Content starts

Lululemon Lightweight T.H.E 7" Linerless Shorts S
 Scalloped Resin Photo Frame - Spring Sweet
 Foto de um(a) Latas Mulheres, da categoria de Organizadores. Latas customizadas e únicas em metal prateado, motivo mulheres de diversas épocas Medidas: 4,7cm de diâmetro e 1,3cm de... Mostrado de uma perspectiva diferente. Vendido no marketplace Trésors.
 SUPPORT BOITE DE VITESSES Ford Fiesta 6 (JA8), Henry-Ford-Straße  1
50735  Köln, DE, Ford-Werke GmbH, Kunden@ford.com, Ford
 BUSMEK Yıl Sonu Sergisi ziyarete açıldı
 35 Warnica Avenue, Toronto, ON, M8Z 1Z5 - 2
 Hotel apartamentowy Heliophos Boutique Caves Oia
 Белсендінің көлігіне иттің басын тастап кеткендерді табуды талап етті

Content ends

• _WORK ORDER_
Every line in the entries above that mentions the word "Ford" must be shown.

• _RESPONSE TO THE EXERCISE_
 SUPPORT BOITE DE VITESSES Ford Fiesta 6 (JA8), Henry-Ford-Straße  1
50735  Köln, DE, Ford-Werke GmbH, Kunden@ford.com, Ford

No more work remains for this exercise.